- **Exercise goal**
What is the number of lines in the entries that contain the word "Print"? Reply with that number only.

───── Records to process ─────

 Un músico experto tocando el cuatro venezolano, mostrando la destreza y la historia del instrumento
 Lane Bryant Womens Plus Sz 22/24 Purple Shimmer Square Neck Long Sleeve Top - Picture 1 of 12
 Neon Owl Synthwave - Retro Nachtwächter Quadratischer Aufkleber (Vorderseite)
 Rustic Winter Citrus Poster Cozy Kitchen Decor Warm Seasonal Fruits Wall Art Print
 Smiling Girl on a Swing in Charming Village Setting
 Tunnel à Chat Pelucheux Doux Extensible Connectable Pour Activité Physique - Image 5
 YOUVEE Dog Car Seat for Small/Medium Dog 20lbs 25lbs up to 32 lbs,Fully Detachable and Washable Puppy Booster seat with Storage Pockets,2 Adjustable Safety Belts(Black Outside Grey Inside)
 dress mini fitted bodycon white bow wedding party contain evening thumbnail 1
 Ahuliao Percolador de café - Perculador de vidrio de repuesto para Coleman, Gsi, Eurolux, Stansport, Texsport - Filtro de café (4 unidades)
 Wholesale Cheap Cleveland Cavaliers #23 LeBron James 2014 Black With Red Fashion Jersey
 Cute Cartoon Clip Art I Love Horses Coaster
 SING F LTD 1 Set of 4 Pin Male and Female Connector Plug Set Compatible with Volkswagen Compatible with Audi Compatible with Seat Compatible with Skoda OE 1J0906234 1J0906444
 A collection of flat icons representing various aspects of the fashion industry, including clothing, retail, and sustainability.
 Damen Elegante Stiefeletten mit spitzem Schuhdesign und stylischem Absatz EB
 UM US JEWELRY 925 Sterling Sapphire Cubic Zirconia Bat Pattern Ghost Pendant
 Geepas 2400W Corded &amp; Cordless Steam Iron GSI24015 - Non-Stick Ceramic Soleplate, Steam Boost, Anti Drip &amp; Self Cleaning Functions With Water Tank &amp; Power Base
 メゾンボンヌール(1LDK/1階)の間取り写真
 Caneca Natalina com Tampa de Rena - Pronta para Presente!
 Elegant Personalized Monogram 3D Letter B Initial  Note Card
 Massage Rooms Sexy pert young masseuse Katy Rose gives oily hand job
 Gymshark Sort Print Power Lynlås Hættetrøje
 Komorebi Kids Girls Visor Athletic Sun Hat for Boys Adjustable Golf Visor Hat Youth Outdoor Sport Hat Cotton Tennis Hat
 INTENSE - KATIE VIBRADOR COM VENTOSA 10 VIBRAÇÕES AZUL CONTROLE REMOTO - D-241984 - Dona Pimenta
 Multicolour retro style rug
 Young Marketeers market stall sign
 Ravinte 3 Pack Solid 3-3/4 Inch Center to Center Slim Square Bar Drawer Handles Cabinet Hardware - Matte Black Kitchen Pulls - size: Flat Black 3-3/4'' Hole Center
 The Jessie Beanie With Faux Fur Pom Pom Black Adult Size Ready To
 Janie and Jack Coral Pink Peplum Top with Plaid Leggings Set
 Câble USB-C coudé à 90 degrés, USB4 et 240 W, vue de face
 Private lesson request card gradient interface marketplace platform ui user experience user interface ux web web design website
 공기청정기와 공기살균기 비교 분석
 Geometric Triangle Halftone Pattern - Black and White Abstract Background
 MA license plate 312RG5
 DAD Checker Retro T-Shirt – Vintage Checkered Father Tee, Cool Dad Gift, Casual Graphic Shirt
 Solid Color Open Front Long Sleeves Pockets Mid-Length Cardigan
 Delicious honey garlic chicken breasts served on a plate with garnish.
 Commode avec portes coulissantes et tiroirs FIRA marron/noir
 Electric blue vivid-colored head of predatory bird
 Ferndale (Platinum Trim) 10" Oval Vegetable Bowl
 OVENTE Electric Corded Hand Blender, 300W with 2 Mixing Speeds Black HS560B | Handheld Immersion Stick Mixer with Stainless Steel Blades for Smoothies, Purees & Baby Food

─────

- **Answer box**
2